LoL Patch 26.10: Lee Sin Gets Modernized, Deathfire Touch Gets Hit Again
LoL Patch 26.10: Lee Sin Gets Modernized, Deathfire Touch Gets Hit Again

Patch 26.9 dropped less than two weeks ago and already Riot is coming back in with corrections. That's not a criticism, that's what happens when you launch one of the biggest meta resets in recent memory and watch what breaks. Patch 26.10 lands on May 13, 2026, and if you've been feeling the pain of Deathfire Touch lobbies or wondering why Zed suddenly feels oppressive, this patch has some answers for you.

Let's go through everything that's changing and what it actually means for your games.

Deathfire Touch Is Getting Nerfed. Again.

If you read our breakdown of Deathfire Touch and Stormraider's Surge returning in Season 2, you already know why this keystone hit the ground running. Burn damage at that scale, on that many champions, was always going to need tuning.

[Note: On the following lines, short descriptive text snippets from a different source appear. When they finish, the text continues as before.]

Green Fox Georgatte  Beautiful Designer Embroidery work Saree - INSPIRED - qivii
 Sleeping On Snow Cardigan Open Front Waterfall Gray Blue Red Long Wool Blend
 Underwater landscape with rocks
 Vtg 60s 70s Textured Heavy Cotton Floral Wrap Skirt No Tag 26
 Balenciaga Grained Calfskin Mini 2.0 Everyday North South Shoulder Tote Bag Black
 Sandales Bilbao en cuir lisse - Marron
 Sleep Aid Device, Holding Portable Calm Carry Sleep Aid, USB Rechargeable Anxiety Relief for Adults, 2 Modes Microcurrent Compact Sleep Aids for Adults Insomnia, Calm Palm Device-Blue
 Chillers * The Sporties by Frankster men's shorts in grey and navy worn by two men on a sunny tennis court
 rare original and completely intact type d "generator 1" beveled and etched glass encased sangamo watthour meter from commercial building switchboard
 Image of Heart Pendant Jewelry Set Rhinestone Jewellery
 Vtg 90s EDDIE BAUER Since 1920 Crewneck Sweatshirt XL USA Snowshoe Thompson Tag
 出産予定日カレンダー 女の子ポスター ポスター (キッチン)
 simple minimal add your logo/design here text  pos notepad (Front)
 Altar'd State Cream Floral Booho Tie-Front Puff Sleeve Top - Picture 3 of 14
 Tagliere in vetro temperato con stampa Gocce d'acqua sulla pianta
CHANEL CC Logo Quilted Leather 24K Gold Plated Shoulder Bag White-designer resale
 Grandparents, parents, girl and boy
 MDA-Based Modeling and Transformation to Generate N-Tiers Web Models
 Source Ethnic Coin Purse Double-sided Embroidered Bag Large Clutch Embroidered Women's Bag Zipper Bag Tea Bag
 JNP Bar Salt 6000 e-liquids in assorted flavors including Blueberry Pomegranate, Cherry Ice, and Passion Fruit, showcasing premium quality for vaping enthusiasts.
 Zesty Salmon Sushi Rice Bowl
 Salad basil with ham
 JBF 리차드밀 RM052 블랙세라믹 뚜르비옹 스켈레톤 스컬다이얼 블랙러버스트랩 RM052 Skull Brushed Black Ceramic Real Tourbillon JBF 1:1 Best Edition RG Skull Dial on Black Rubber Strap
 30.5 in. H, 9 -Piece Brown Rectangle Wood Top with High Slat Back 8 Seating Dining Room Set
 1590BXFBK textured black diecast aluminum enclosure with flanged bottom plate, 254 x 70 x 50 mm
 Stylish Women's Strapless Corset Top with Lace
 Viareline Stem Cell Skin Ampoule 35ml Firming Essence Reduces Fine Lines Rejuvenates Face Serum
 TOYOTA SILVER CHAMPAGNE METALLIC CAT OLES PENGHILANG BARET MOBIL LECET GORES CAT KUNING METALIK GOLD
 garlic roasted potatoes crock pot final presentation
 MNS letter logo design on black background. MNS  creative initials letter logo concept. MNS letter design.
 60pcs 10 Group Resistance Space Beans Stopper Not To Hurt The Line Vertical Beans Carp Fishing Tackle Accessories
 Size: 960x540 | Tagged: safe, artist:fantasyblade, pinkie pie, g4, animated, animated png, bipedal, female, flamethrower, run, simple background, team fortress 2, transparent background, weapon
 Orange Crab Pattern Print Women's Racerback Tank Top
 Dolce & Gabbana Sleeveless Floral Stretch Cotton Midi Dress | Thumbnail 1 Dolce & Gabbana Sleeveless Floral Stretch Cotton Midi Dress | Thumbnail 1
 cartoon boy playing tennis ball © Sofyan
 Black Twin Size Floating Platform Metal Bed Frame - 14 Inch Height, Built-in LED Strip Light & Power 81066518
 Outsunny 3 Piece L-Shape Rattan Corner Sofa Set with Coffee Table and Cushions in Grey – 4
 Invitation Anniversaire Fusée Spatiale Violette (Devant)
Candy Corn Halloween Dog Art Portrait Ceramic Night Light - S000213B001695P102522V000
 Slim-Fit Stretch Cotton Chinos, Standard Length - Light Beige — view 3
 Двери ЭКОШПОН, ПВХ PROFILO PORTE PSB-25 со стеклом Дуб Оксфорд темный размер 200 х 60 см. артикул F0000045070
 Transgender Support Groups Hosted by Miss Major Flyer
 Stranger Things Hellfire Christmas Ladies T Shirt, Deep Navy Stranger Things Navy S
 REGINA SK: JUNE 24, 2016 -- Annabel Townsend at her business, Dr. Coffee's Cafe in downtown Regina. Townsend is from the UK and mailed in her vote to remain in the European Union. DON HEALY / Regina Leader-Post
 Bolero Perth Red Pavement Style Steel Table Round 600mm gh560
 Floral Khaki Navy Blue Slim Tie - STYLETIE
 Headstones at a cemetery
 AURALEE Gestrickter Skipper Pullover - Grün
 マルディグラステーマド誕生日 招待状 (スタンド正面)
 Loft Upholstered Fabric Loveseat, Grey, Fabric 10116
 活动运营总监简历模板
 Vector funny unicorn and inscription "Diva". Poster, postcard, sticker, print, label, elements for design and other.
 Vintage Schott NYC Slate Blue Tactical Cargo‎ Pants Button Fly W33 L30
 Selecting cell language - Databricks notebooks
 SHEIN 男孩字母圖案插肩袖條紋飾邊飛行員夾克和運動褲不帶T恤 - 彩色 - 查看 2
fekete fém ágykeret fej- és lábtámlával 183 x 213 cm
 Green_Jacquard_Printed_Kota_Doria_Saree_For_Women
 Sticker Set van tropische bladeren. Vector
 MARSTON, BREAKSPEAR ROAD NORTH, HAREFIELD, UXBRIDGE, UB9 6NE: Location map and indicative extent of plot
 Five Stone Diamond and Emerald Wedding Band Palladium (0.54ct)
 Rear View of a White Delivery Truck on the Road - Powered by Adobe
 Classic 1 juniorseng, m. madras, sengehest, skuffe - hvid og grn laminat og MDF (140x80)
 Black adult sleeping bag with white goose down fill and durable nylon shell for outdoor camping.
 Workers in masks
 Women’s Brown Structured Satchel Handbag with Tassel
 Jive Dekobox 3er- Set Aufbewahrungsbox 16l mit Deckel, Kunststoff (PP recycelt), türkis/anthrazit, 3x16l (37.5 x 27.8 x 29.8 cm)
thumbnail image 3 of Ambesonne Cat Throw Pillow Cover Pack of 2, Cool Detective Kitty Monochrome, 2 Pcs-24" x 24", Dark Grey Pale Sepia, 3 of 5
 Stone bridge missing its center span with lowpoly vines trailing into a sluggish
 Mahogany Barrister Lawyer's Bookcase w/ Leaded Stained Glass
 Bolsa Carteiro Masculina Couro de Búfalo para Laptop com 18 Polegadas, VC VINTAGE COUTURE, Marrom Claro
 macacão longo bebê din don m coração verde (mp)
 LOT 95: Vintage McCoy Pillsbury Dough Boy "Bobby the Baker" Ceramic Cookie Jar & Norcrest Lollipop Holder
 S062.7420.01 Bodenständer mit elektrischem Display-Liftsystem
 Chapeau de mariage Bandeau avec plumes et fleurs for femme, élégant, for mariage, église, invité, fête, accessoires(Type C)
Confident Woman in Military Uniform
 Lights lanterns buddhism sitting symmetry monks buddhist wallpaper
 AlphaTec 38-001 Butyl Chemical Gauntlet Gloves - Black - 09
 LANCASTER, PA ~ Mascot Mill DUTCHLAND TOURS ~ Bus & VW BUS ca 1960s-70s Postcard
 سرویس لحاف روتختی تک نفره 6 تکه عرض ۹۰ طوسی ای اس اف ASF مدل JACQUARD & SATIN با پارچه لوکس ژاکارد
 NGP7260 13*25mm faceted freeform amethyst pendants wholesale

Riot Phroxzon confirmed that DFT was "a little too strong" after 26.9 launched and already applied a micropatch nerf. Now 26.10 brings another round of adjustments. The keystone isn't going anywhere, it's still going to be core on Brand, Cassiopeia, Taliyah and the rest of the burn damage roster. But the raw power level is being pulled back to something more manageable to play against.

There's also a bigger change on the horizon that isn't landing until Patch 26.11: the interaction between Deathfire Touch and Black Cleaver is getting an internal cooldown. Right now the combination stacks in ways that weren't intended, and Riot flagged it as "too risky" to change mid-patch without further testing. So if you've been abusing that particular combo, enjoy it for one more patch.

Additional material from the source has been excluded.